At 8:30, Billy Z McNeill, Rob Simpson and Eric Lambert promise entertainment, but the 8:40 tee time looks like a proper litmus test: Ken Marshall partners the mercurial David Logie and Christian Stewart—grit, flair and tempo in one group. Marshall’s point‑by‑point patience could be gold in Stableford; Logie’s ability to create birdie chances out of thin air remains box‑office. The 8:50 quartet—Neil Lock, Tony Stewart, Iain Aitchison and Mark Higham—reads like a scorebuilder’s dream: Lock and Higham rarely leave wedges short, and Aitchison’s tee‑to‑green is typically in cruise control.
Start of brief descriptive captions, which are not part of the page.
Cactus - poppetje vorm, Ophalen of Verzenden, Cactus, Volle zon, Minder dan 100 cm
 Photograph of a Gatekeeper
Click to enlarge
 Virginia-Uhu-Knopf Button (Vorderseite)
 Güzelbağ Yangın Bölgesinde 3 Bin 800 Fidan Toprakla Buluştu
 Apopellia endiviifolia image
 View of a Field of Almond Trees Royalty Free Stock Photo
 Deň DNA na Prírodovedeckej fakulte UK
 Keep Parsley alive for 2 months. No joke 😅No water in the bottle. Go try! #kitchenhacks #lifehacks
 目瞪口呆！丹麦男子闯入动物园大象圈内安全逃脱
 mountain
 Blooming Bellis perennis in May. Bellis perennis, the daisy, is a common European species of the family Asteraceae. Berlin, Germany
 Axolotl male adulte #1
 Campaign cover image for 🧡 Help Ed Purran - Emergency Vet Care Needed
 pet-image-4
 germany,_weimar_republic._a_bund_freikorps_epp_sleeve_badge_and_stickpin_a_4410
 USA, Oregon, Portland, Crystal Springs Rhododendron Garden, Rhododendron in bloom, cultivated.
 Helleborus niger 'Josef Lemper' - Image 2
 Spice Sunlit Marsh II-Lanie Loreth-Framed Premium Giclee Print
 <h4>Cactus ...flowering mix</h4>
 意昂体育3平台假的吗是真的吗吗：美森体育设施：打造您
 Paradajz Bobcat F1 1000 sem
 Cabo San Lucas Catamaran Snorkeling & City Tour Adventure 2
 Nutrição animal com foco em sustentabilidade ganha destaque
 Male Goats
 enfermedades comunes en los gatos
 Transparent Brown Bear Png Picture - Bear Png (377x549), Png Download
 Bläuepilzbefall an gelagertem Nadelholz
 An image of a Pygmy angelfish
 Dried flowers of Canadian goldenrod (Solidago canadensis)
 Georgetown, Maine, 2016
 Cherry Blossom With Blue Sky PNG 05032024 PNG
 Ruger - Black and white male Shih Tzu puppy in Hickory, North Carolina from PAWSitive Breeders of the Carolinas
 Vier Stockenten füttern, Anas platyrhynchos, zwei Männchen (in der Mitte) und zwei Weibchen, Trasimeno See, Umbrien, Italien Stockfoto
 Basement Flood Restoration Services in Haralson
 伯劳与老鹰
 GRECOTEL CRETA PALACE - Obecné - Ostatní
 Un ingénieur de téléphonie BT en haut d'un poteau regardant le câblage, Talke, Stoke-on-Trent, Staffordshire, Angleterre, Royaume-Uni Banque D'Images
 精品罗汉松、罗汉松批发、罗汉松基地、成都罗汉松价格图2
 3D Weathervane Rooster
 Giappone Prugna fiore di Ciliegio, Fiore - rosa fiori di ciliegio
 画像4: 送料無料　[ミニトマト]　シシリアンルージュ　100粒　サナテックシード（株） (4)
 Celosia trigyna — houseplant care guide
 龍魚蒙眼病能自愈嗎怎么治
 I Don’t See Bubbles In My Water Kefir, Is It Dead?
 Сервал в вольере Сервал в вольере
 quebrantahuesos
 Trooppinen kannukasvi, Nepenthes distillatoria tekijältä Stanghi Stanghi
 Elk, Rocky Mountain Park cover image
From 9:00 onward, keep an eye on Neil Coulson with Kevin Beattie and Paul Lewis: Coulson’s control and Beattie’s tidy card‑craft are tailor‑made for 3‑point pars and opportunistic 4‑pointers. The closing groups feature Scott Jack with Rob Crockart and Paul Wadsworth at 9:10, then David Bruce with Richard Bateman and Adrian Murphy at 9:20—Crockart’s course management and Wadsworth’s putting can quietly stack points while others trade doubles. The penultimate 9:30 quartet includes Jonathan Fletcher and David Watt with Stuart Wallace—steady operators who love a medal line but can thrive in Stableford if the putters warm. We finish at 9:40 with Bill Sexton, Ken Swa, Crawford Gray and Paul Kelly—Swa’s knack for keeping the ball in play makes him a classic Queens sleeper.
Shortlist for the silverware? McColgan for fireworks; Logie for birdie bursts; Campbell and Marshall for method; Higham and Aitchison for controlled aggression; Coulson and Beattie for the clinical accumulation that wins Stablefords more often than not. One prediction, then: if the breeze stays polite, look for a winning total in the mid‑to‑high 30s, set by a player who keeps the ball below the wind, lands it pin‑high on the par‑4s, and refuses to chase lost causes. The Darroch has always rewarded the art of knowing when not to be a hero—on Queen’s, discretion is the bravest part of valour.